### Source data
⟨

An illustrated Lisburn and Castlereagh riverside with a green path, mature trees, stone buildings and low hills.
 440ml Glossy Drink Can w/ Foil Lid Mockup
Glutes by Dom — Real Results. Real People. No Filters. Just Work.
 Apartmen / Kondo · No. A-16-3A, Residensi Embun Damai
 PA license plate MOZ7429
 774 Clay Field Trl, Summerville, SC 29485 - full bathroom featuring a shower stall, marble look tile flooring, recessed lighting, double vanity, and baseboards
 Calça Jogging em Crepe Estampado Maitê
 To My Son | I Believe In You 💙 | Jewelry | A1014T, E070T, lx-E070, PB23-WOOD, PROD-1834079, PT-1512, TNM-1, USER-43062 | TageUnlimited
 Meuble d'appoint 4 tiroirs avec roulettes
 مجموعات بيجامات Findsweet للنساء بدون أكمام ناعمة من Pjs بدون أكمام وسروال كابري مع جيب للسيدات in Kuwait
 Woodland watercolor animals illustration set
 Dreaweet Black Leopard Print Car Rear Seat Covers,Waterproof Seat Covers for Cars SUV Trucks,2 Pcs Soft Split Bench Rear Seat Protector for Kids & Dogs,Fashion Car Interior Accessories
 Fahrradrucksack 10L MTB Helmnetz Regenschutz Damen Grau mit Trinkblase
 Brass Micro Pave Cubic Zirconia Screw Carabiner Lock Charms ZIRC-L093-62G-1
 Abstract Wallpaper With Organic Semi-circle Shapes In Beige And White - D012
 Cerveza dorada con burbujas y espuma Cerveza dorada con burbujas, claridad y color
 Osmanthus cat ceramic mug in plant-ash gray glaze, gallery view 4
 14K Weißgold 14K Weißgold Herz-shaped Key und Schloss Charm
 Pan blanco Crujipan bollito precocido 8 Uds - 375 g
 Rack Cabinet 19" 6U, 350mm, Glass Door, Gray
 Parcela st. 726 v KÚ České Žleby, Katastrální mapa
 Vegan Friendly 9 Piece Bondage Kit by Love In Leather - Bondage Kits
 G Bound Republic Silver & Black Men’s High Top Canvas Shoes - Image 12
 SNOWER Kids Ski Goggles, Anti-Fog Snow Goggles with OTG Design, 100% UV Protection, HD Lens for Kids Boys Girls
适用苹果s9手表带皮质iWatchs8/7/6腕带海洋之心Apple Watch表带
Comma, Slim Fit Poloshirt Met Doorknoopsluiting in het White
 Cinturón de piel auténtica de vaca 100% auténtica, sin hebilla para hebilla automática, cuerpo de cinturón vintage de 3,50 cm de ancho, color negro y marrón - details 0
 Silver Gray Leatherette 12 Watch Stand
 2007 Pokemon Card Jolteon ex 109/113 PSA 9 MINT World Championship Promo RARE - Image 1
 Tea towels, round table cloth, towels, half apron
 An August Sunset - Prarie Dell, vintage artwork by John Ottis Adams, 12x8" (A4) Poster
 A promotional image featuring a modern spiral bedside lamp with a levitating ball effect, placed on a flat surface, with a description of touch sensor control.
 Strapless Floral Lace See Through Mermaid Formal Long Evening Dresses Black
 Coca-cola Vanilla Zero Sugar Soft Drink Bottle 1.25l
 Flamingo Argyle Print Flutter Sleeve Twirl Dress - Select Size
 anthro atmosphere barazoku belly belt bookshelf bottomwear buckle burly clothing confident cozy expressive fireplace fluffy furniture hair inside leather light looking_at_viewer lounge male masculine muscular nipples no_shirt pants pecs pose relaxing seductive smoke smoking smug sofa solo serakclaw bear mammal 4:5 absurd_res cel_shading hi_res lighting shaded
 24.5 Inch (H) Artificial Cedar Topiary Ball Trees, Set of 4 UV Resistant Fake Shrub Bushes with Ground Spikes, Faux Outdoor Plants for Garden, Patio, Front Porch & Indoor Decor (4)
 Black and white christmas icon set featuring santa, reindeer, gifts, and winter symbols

⟩

### What the task requires
In the entries above, find the line with "A promotional image" and the line with "Coca-cola Vanilla Zero", then set down exactly those two and every line between them, nothing else.

### Output of the task
 A promotional image featuring a modern spiral bedside lamp with a levitating ball effect, placed on a flat surface, with a description of touch sensor control.
 Strapless Floral Lace See Through Mermaid Formal Long Evening Dresses Black
 Coca-cola Vanilla Zero Sugar Soft Drink Bottle 1.25l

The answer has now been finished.